▸ **TASK OBJECTIVE**: Filter the entries below, keeping only lines with the word "Shirts".

▸ **RECORDS SHOWN**:
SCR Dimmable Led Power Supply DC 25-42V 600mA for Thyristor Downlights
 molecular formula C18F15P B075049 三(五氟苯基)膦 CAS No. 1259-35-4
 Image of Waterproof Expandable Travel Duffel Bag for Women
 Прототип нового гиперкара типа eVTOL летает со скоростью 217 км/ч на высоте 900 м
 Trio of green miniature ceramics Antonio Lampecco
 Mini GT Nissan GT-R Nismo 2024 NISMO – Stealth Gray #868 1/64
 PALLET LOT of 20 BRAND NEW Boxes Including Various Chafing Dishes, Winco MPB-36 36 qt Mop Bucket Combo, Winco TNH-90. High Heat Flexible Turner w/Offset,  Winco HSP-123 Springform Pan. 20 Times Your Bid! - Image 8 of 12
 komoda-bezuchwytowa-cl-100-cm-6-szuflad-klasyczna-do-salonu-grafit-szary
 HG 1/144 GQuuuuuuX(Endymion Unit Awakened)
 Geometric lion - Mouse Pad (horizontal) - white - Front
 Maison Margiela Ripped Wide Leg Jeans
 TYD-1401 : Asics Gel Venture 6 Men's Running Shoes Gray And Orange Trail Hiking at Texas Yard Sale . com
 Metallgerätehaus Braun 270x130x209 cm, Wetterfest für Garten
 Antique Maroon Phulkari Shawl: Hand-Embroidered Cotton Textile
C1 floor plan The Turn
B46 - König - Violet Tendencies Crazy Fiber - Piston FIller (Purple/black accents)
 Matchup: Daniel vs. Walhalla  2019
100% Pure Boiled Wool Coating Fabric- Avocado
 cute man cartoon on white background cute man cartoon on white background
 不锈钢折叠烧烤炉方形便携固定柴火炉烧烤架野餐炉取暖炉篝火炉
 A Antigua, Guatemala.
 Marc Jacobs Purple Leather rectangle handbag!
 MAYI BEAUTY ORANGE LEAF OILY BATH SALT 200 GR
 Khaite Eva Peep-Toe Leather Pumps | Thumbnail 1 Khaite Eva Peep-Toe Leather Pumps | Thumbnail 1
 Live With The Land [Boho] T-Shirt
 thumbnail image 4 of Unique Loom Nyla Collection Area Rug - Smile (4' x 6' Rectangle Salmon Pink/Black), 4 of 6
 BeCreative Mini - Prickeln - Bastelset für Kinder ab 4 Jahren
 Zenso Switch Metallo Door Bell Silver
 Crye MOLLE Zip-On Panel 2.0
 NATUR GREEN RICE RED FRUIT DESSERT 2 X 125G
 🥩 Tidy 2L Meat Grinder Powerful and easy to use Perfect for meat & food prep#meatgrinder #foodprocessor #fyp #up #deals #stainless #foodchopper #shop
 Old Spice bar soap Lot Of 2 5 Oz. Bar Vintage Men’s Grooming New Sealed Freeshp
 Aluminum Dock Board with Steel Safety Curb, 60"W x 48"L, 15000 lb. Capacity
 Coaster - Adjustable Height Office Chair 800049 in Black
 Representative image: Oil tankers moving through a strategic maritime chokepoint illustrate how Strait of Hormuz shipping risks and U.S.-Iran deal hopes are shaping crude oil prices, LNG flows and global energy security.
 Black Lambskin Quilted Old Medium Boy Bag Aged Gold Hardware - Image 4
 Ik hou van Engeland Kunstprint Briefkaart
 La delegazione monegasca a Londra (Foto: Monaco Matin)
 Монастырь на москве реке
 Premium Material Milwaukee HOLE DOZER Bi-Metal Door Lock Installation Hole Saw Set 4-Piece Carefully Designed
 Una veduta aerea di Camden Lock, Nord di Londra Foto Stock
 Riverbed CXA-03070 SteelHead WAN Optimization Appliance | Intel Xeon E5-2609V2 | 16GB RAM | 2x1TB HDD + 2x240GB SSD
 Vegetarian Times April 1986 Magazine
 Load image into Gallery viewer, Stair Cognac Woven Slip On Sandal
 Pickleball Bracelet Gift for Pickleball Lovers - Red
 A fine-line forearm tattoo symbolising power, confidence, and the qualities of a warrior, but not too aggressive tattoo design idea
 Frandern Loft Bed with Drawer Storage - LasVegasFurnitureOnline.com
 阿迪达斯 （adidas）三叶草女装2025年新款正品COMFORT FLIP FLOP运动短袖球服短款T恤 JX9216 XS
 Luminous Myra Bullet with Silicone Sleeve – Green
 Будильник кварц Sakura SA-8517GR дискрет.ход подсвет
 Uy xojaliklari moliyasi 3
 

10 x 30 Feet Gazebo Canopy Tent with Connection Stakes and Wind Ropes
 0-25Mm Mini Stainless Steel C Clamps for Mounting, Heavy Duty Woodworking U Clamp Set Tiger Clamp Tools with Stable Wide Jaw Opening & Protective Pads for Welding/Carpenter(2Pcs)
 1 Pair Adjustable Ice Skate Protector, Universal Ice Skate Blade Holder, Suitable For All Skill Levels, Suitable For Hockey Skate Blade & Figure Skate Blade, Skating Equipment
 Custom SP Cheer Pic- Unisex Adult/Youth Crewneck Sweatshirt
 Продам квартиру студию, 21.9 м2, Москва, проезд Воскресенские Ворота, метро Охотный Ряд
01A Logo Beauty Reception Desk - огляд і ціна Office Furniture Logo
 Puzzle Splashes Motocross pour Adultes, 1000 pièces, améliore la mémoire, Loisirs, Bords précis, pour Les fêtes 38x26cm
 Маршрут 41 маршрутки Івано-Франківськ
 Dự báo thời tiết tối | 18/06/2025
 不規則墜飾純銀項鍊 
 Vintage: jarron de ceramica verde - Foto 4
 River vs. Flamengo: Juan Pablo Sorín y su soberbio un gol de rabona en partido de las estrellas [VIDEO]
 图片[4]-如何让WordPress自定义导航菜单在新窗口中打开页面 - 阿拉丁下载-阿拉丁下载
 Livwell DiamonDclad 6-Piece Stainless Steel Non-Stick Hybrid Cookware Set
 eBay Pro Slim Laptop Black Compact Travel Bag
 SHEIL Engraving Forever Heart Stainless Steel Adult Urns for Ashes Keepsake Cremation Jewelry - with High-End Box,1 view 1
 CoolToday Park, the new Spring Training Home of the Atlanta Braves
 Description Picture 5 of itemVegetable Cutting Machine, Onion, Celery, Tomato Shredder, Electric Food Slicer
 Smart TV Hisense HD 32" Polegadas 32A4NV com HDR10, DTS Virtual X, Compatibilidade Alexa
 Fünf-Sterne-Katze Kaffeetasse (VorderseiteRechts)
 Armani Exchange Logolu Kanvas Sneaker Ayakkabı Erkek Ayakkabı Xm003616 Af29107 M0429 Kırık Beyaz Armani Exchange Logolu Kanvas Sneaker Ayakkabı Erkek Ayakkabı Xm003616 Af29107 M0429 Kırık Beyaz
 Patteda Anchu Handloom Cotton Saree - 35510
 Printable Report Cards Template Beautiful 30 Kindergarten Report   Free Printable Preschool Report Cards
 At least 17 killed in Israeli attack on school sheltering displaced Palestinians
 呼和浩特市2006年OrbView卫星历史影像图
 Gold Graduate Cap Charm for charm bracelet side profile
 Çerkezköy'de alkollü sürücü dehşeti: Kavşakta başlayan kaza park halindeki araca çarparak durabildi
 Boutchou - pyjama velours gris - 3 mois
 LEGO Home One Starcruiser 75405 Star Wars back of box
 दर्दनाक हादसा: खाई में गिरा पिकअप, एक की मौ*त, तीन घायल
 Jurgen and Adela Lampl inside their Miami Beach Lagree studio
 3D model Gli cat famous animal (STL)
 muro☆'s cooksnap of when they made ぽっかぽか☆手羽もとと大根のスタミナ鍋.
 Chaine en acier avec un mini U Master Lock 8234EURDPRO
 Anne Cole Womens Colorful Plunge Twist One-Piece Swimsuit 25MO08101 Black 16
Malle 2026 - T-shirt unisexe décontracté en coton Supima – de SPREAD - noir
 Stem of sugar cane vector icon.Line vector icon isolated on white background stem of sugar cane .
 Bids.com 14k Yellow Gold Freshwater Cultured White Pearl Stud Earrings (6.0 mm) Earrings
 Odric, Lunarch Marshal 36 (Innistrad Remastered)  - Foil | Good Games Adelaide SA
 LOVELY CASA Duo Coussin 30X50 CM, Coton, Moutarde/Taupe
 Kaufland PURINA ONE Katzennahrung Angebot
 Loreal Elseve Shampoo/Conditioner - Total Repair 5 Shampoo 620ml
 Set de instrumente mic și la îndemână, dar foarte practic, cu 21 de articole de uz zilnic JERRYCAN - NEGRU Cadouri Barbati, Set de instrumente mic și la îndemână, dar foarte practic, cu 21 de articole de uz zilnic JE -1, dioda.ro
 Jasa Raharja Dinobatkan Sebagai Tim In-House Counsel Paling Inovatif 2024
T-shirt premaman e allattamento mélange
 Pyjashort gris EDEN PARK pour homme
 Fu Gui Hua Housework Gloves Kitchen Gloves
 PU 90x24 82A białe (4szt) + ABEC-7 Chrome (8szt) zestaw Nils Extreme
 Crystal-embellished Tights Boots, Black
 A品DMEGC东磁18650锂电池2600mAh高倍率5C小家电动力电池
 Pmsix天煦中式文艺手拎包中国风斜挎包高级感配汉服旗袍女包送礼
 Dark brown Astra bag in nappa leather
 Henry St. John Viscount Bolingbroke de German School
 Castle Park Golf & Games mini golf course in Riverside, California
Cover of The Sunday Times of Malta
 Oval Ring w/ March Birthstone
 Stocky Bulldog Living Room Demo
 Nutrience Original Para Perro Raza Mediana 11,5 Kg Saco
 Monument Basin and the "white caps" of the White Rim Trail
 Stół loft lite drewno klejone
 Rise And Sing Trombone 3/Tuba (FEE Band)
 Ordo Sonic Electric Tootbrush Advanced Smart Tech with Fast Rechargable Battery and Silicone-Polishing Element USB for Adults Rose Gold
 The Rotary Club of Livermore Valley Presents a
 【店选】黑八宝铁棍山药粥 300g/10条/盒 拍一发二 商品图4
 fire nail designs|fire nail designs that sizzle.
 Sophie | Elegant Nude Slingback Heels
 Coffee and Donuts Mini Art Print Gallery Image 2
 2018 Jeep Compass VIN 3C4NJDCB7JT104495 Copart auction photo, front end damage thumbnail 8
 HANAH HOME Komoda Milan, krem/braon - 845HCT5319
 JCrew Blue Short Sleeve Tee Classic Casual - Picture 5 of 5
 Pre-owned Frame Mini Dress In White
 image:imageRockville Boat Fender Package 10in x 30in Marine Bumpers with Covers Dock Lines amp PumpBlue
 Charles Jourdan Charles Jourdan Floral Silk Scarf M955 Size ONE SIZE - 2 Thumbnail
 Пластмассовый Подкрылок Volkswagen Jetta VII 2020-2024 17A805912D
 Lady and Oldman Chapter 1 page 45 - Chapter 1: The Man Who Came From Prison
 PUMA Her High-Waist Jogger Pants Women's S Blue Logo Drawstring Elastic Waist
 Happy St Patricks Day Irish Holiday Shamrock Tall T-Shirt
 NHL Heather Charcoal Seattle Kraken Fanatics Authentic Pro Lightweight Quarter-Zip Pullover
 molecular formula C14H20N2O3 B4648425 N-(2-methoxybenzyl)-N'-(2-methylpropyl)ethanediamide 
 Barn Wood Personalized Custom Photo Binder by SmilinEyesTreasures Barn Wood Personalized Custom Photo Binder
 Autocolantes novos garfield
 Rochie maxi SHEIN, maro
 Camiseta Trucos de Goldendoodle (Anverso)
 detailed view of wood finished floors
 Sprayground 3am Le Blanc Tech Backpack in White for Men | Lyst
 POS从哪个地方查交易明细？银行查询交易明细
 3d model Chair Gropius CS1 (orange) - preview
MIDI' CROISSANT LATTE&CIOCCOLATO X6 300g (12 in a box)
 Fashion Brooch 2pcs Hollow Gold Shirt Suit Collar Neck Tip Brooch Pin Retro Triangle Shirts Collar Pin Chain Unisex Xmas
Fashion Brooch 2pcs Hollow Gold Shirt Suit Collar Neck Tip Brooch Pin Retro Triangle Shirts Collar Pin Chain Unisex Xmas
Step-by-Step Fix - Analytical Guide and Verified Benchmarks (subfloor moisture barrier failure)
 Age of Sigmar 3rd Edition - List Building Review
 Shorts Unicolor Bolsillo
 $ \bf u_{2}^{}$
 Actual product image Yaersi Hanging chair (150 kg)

▸ **TASK RESPONSE**:
 Fashion Brooch 2pcs Hollow Gold Shirt Suit Collar Neck Tip Brooch Pin Retro Triangle Shirts Collar Pin Chain Unisex Xmas
Fashion Brooch 2pcs Hollow Gold Shirt Suit Collar Neck Tip Brooch Pin Retro Triangle Shirts Collar Pin Chain Unisex Xmas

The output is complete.